In the Parish of Monkwearmouth we don't quite add up to 150 years as Readers between us but Reader Ministry has been an integral part of church life since I arrived in the parish in 1979. At St. Andrew's, Geoff Lowson (later ordained), Dave Treweeke, Ian Harrison, John Lloyd have served the parish. As part of Monkwearmouth Team Ministry today there are four Readers; Max Thompson (1974), Dave Henderson (1987), John Pattinson (1987), Philip Smithson (1991, later ordained 2007), Joyce Goodfellow (2002). Malcolm Drummond who begins his Reader training this autumn.

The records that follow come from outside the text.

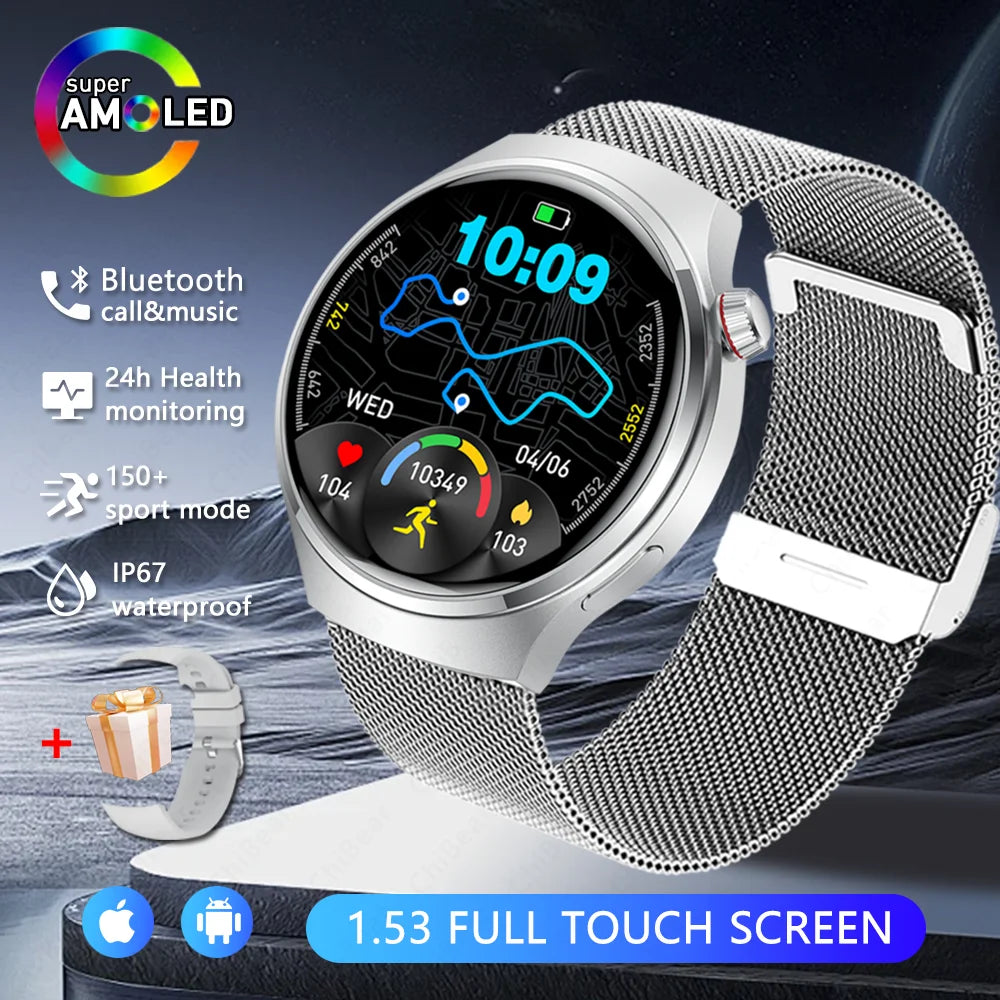Watch 4 Pro Sports Smart Watch Men 360*360 AMOLED HD Screen Heart Rate Bluetooth Call IP68 Waterproof Music SmartWatch 2025 New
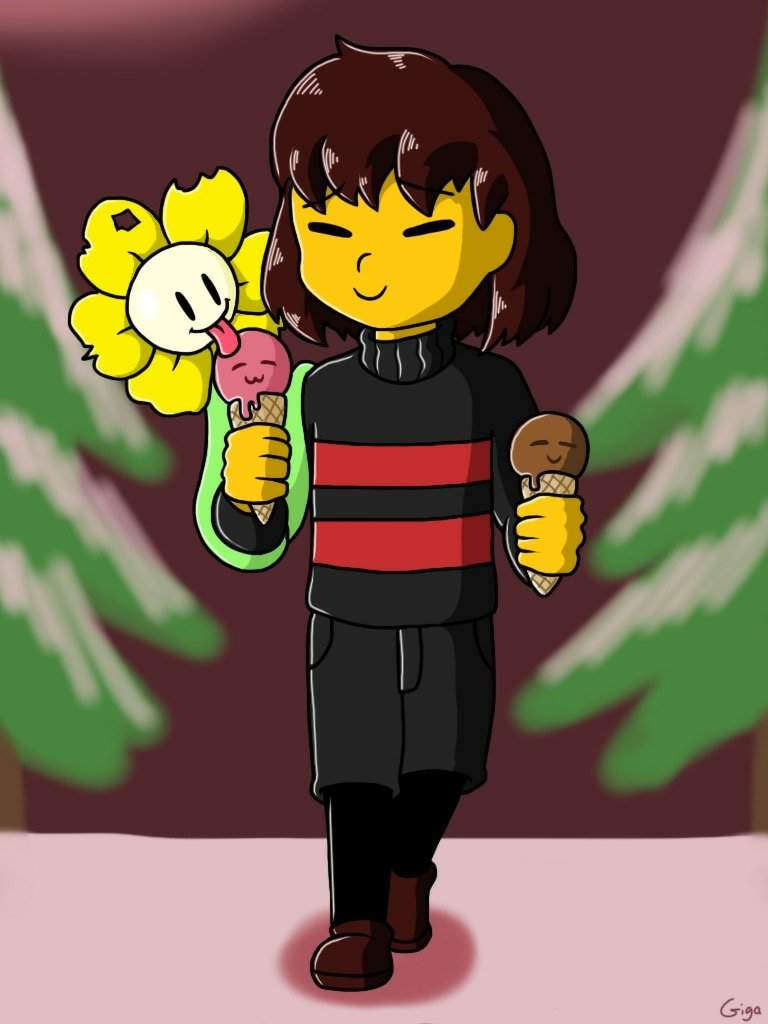 Underfell Frisk And Flowey Eating Ice Cream Undertale Aus Amino Improved thumbnail to be more clear and less harsh to the eyes. underfell frisk and flowey eating ice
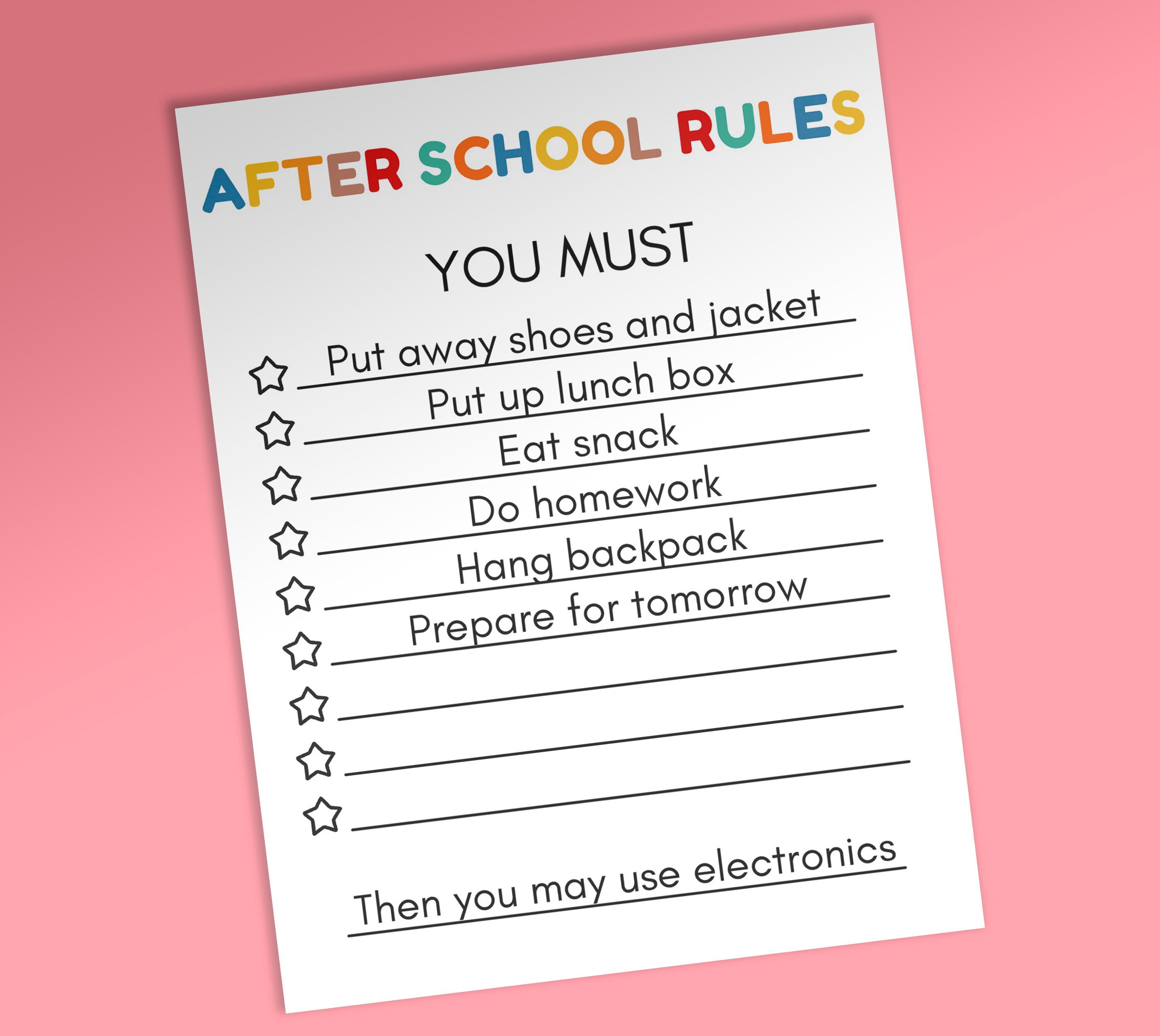 Printable After School Checklist Kids After School Rules | Etsy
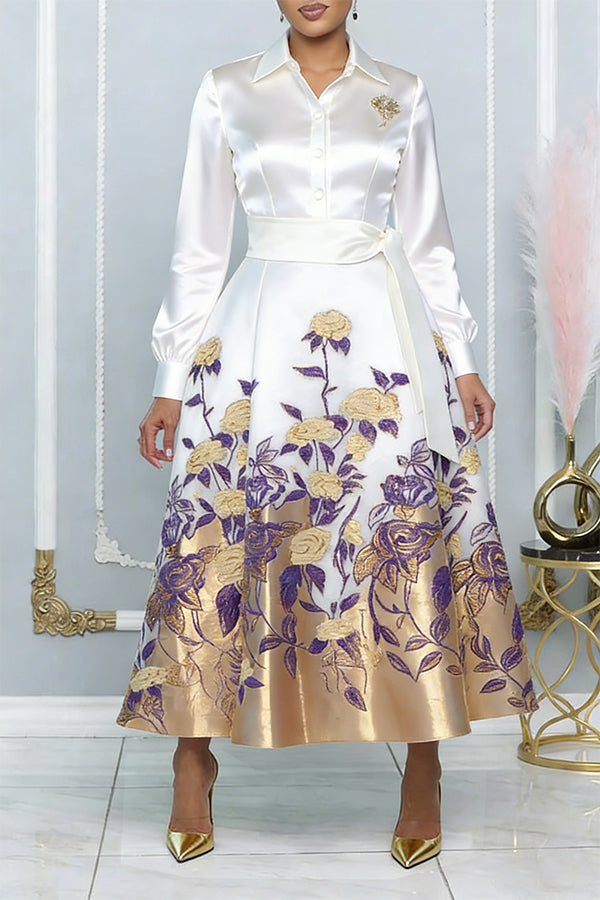 Elegant Flower Pattern Belted Maxi Ddress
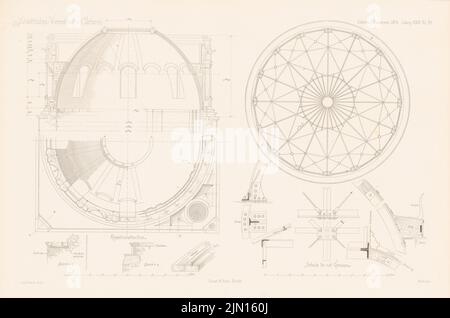 Durm Joseph (1837-1919), Städtische Vierordtbad, Karlsruhe. (De : Atlas au magazine for Building, éd. V. G. Erbkam, JG. 24, 1874.) (1874-1874) : vue, coupes, détails dôme. Point sur papier, 28,6 x 43,2 cm (y compris les bords de numérisation) Durm Joseph (1837-1919): Städtische Vierordtbad, Karlsruhe. (AUS: Atlas zur Zeitschrift für Bauwesen, hrsg. V. G. Erbkam, JG. 24, 1874) Banque D'Images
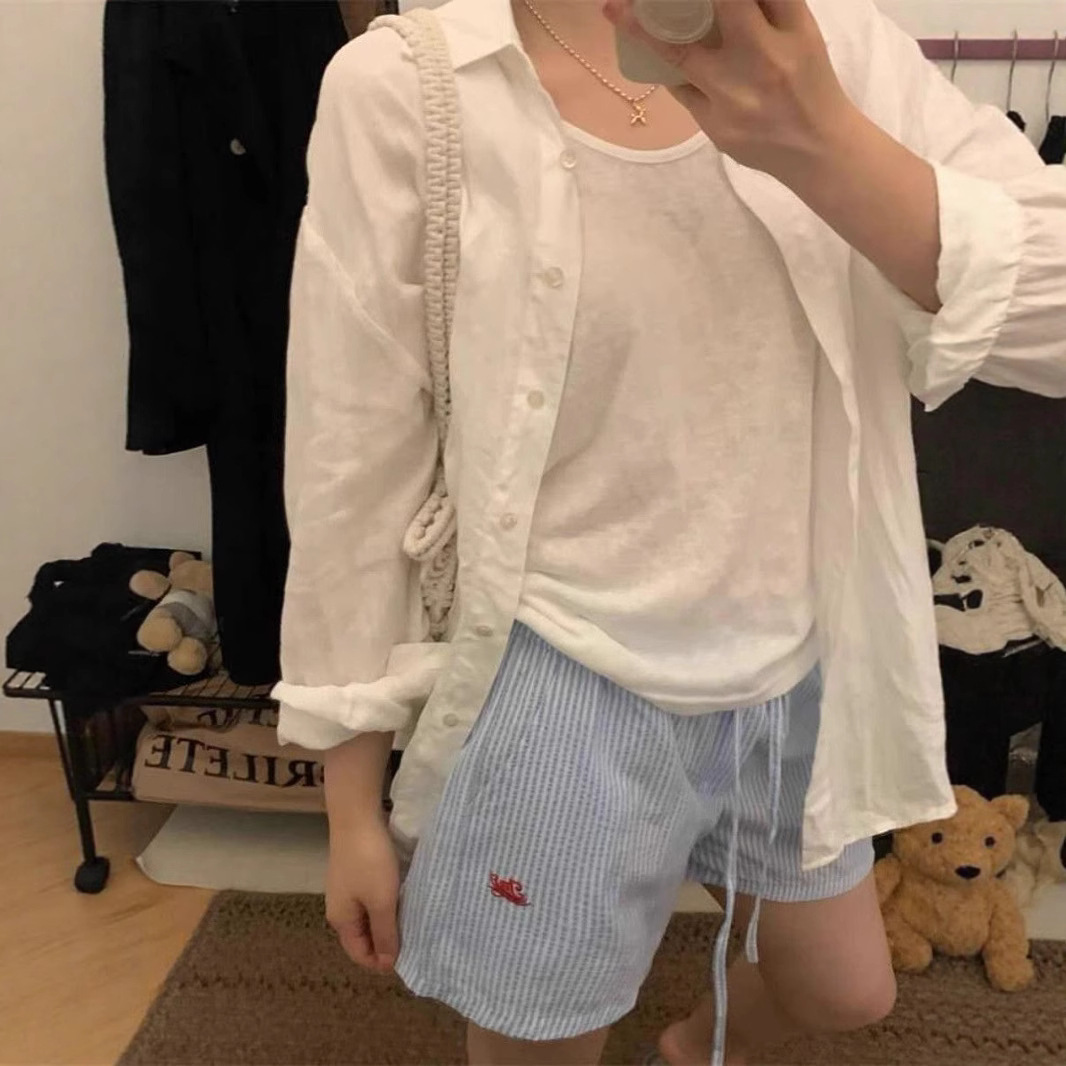 ショートパンツレディース縦縞柄刺繍入りゴム紐ウエスト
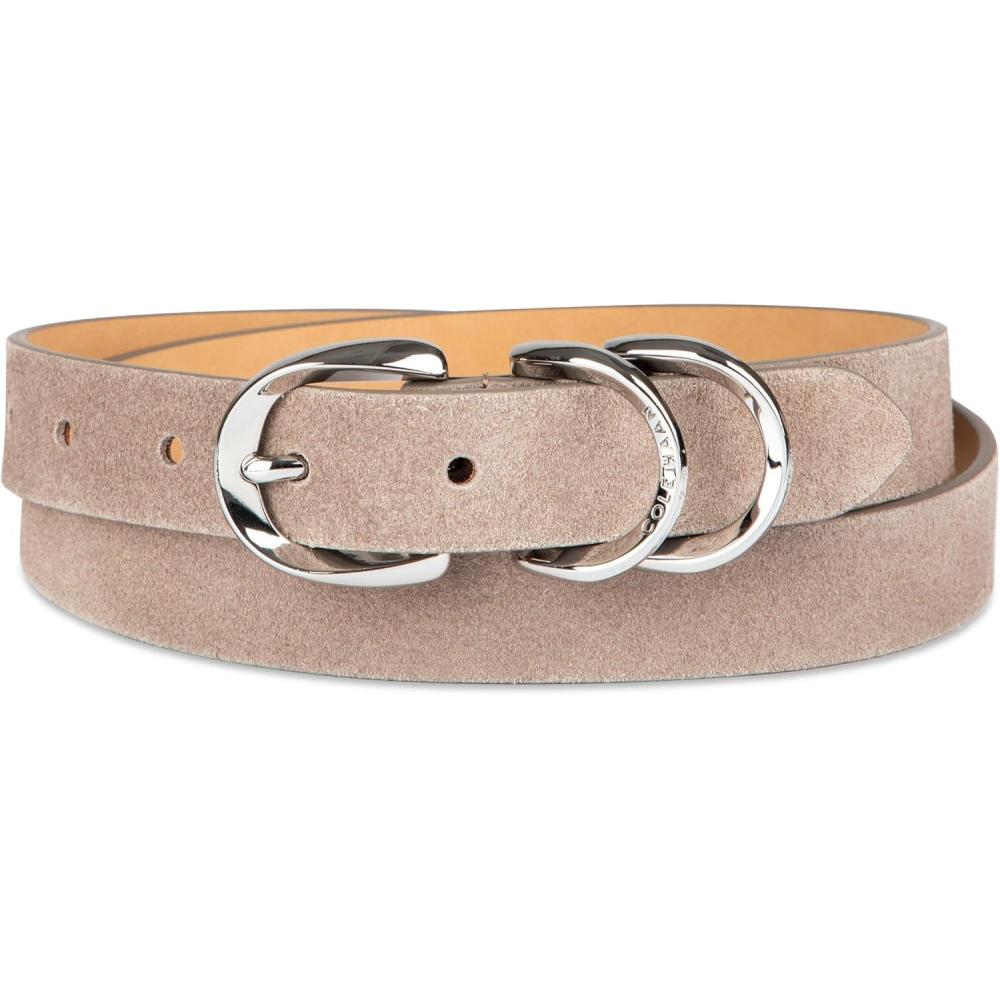 imageCole Haan Womens Metal Loop Skinny Dress BeltGray Suede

Bishop Robert Patterson, Chair Central Readers Council writes:
Some reflected on the past, present and future and the fact that the Reader movement was born out of a need to connect the proclamation of the word with an increasing secular world. There was a need to bring the Bible back into the home and the workplace. They founded a ministry to bring the voice of God back into the conversation. What was so important in this episcopal initiative in 1866, as with the Mothers Union and Church Army later, is the fact that they were lay initiatives in mission. An emphasis on lay-ness founded on the concept of teamwork in which lay and ordained would work and pray together to bring in God's kingdom. Today we look at the past to point to the future. We cannot do anything about the past but we can help to be "prophets of a future not our own." Quoting Archbishop Oscar Romero's famous prayer-poem:
We cannot do everything. And there is a sense of liberation in realising that this enables us to do something, and to do it very well. It may be incomplete but it's a beginning, a step along the way, an opportunity for the Lord's grace to enter and do the rest. We may never see the end results, but that is the difference between the master-builder and worker. We are workers, not master builders. We are ministers, not messiahs. We are prophets of a future not our own.